*DATA SHOWN:*
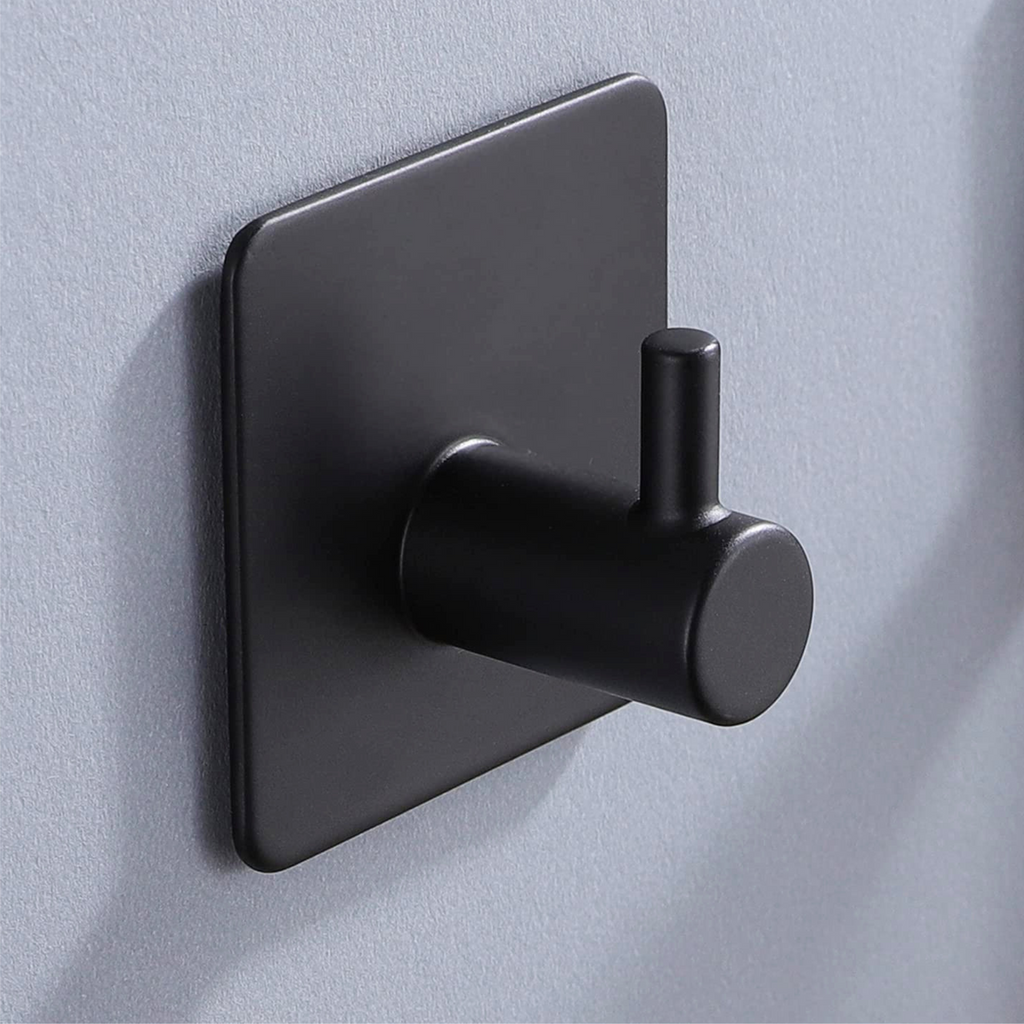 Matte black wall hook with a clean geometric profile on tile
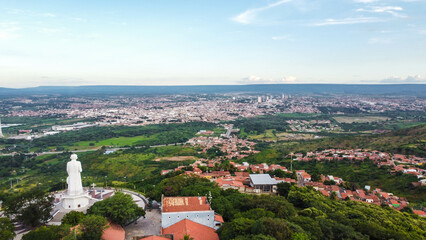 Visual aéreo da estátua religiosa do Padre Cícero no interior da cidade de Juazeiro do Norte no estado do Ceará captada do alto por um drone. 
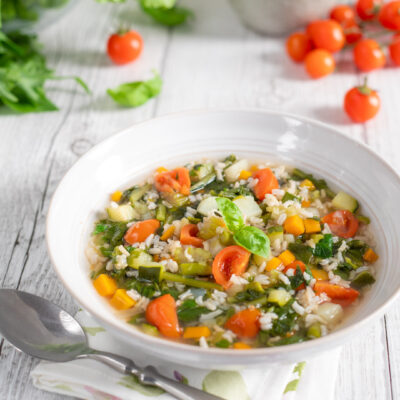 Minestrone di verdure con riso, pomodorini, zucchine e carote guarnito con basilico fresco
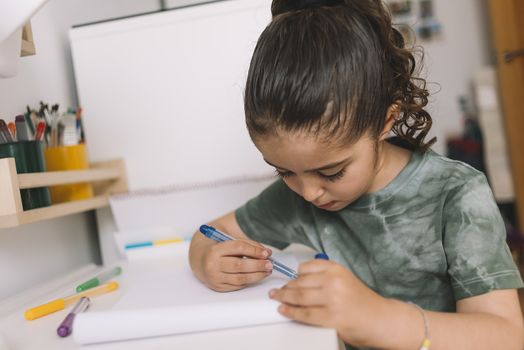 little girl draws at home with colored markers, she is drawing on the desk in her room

*ASSIGNMENT:* Leaving all pictures aside, print exactly the lines from the one that contains "Visual aéreo da" through the last line of the data above, inclusive.

*COMPLETED TASK:*
 Visual aéreo da estátua religiosa do Padre Cícero no interior da cidade de Juazeiro do Norte no estado do Ceará captada do alto por um drone. 
 Minestrone di verdure con riso, pomodorini, zucchine e carote guarnito con basilico fresco
 little girl draws at home with colored markers, she is drawing on the desk in her room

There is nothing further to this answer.